START EXERCISE DATA
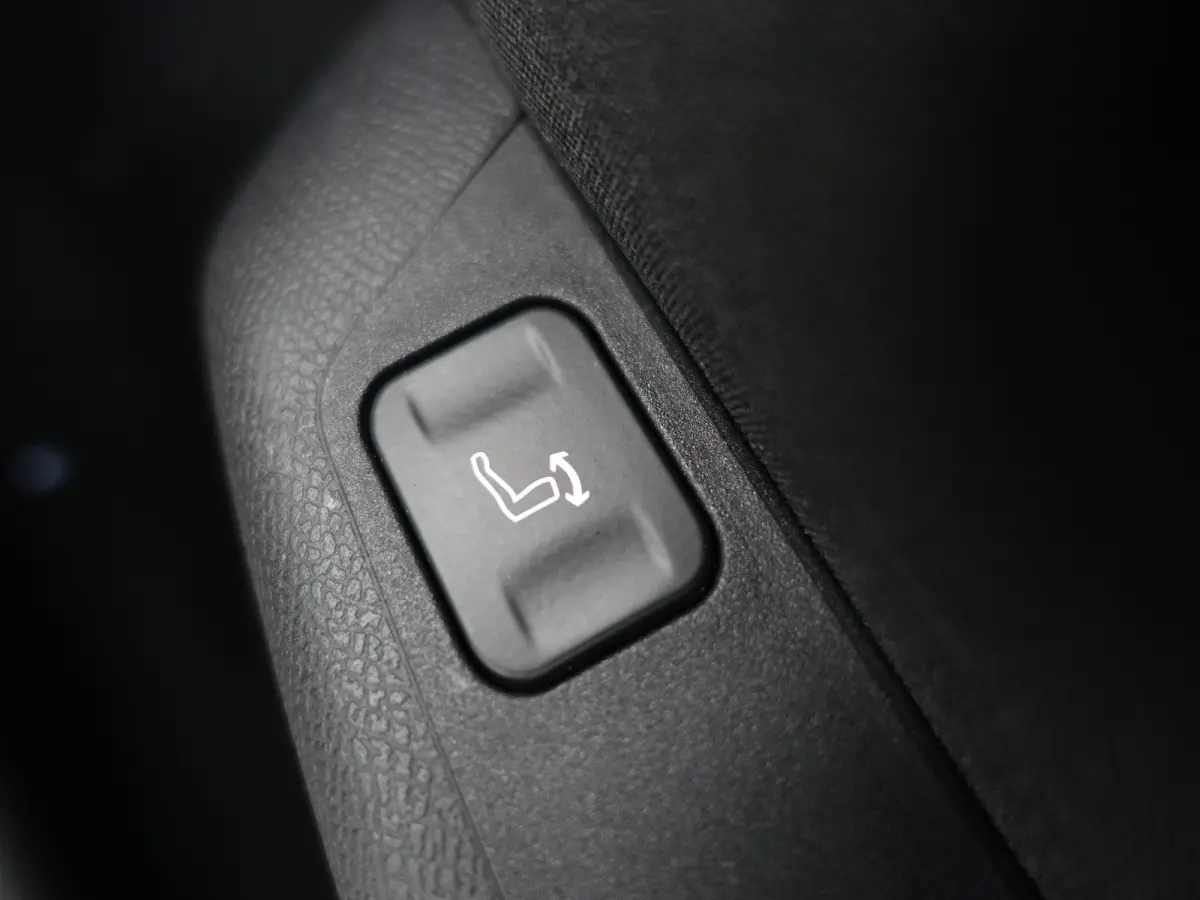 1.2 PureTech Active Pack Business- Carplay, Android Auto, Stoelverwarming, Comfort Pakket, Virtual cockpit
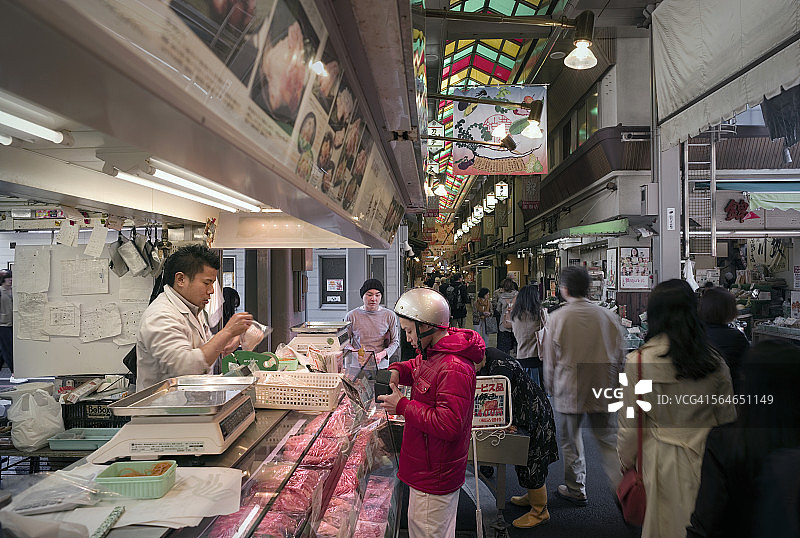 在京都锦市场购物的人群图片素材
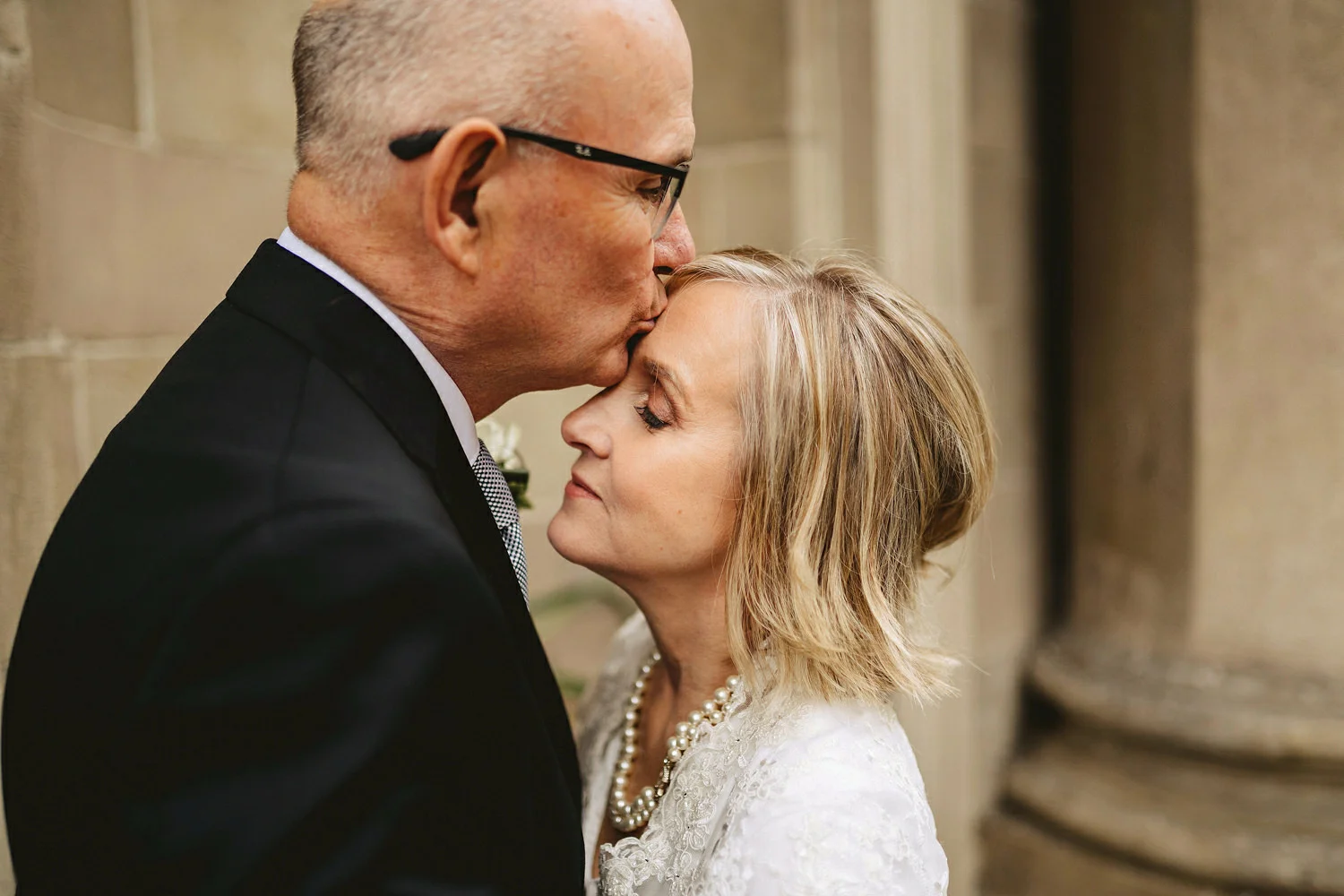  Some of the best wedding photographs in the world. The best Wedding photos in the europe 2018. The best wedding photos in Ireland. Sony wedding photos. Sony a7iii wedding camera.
END EXERCISE DATA
▶ _WHAT IS BEING ASKED_
Retype the data word for word and keep the pictures out of it.

▶ _OUTPUT FOR THIS TASK_
 1.2 PureTech Active Pack Business- Carplay, Android Auto, Stoelverwarming, Comfort Pakket, Virtual cockpit
 在京都锦市场购物的人群图片素材
  Some of the best wedding photographs in the world. The best Wedding photos in the europe 2018. The best wedding photos in Ireland. Sony wedding photos. Sony a7iii wedding camera.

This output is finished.